It is difficult to set up many computer with powerful CPU and GPU and large memory. Then we must share the resource of one powerful computer.
We can use a famous job queuing system “condor“. We have to use the condor to run programs which occupy CPU and/or GPU more than 10 minutes, which is enough for R&D.
condor_submit can submit your long jobs for each CPU and GPU. The online manual is located here. Read stable version.
A simple example: job1/submit.conder
universe = vanilla executable = a.out arguments = infile$(Process).txt should_transfer_files = IF_NEEDED when_to_transfer_output = ON_EXIT initialdir = workdir/run$(Process) transfer_input_files = infile$(Process).txt log = job1.log request_GPUs = 1 queue 100
Submit your jobs by “condor_submit job1/submit.conder”
See the status of compute nodes by “condor_status”
See status of your jobs by “condor_q”
$(Process) will be replaced to process number 0-99 for “queue 100”. In the most case, you will need to prepare “initialdir” to store outputs and logs.
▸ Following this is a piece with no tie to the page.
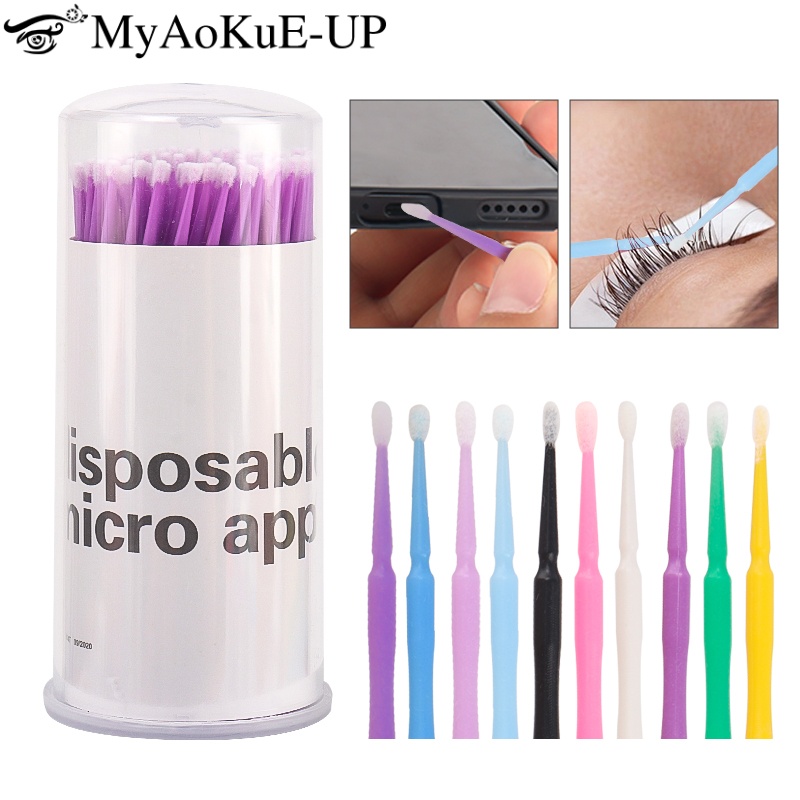 Eyelash Extension Vendor - 100pcs Disposable Eyelash Brush Lash Extension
The /home is shared via NFS, file transfer is not needed.
If you need to different input information for each jobs respectively, it will be useful.
If you want to use GPU, “request GPUs = 1” must be set.
The Tensorflow may allocate all available memory for one job by default, independently of how much memory jobs really need.
I know it is for the best memory bandwidth performance, but the gain is very small in most case.
Please consider to set “gpu_options.allow_growth = True”.
And your usage can be check by command “nvidia-smi”.
Remove “request GPUs” unless you need GPU. Your jobs run in parallel on 12 cores CPU.
Why all 24 logical cores will not be used is for single core performance and reserve for local users.
When you want to run multithread jobs, set “universe = parallel” may help us, but not work fine now…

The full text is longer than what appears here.